When it Comes to Iraq, Honesty is the Best Policy
The ongoing fighting in Basra and Baghdad between forces of the Iraqi government under Prime Minister Nuri Kamal al-Maliki and the militia of the Shiite cleric Moktada al-Sadr should explode the comfortable notion held by proponents of the occupation in Iraq that the so-called “surge” of American troops was primarily responsible for the quelling of violence over the last six months or more.
This is not to disparage the drastic improvement in the manner in which United States forces now conduct security operations in Iraq. The employment of classic counterinsurgency tactics such as frequent foot patrols in towns and city neighbourhoods, the establishment of a permanent presence in key areas, funding infrastructure improvements and the utilization of special operations units to target high value terrorist targets, have all contributed significantly to a better security environment. The fact is, however, that violence is down mainly because the Sunni Awakening and the truce called by al-Sadr means that as much as 80% or more of the people who were shooting at or blowing up Americans and causing general mayhem in Iraq stopped doing so. The key contributor undoubtedly has been that Sunni tribes in Anbar Province and elsewhere who had formed the most formidable part of the insurgency, joined the Americans in combating al-Qaida in Iraq, a threat they saw as far more deadly in the long term than a temporary foreign occupation. That assistance which has taken the form of providing local forces for security and precious actionable intelligence has enabled the American forces to inflict substantial damage on al-Qaida in Iraq. And since the latter had instigated a disproportionate amount of the most murderous violence against civilians, the positive effect has been dramatic.

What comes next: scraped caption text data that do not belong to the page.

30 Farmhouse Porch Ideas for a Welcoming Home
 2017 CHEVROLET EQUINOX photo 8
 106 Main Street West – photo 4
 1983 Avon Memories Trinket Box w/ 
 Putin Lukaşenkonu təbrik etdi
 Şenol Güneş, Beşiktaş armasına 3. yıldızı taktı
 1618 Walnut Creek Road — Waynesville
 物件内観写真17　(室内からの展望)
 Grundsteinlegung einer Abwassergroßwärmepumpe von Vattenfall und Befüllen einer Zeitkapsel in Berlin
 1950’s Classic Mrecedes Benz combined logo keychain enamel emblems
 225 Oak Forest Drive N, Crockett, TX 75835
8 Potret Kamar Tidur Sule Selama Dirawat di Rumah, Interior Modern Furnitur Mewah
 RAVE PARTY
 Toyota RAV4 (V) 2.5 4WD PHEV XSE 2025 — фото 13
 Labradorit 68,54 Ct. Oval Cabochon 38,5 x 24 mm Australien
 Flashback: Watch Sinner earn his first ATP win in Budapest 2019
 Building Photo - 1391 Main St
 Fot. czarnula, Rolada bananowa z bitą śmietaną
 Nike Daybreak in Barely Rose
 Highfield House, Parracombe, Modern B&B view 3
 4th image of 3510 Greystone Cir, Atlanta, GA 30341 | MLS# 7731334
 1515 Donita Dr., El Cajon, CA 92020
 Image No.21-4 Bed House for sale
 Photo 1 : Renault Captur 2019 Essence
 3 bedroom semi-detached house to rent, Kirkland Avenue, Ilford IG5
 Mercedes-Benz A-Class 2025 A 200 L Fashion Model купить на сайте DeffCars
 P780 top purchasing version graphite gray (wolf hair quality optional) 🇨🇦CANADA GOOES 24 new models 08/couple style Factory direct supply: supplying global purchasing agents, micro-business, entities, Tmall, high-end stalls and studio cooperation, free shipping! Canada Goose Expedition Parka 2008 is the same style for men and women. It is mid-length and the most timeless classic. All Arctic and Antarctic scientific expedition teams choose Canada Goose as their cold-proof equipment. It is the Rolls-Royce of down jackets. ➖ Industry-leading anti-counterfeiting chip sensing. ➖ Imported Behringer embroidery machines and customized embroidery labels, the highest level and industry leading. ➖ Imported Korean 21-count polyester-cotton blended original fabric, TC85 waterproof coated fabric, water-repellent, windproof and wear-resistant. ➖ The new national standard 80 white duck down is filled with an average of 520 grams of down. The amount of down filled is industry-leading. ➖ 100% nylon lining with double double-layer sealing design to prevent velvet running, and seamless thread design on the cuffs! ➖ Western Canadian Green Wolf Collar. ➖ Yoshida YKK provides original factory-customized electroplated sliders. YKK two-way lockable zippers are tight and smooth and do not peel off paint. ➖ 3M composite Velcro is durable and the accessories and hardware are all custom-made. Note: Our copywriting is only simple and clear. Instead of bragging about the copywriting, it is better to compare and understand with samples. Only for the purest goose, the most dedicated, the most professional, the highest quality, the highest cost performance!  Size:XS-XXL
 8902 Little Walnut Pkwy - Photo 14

Yet we shouldn’t kid ourselves that the US controls the agenda. Hopefully the Mahdi Army will be defeated by the American-backed Iraqi Army in the current struggle for control of Basra. If the rogue Shiite militia emerge the victors or at least fight the government to a draw, al-Maliki will be considerably weakened – and so will the American position in Iraq. And if the Sunnis become disillusioned with the government and no longer see the alliance with the Americans as in their interests, the violence could yet again spin completely out of control. And even 160,000 American troops will not contain it.
Both of the potential Democratic nominees to take on Senator John McCain are right to advocate a change to national policy that envisions a military withdrawal from Iraq. Every time McCain and the Bush administration engage in fear mongering on the dire consequences of what they term a “retreat” from Iraq, it is an admission that the decision to invade and occupy Iraq was a calamitous miscalculation that has created in its wake a failed state, one that cannot be trusted to stand on its own feet without the perpetual presence of American soldiers and Marines. The only way we will ever find out for sure is to treat the Iraqis like adults and allow them to manage their own affairs rather than create a dependency on Americans that is bad for them and not in our own strategic interests, given the debilitating effect on our Army and Marine Corps, the disproportionate resources expended on the endeavour and the more critical effort in Afghanistan which is being short-changed. By setting a time-table for withdrawal, the Iraqis will have a powerful incentive and imperative to negotiate a real reconciliation.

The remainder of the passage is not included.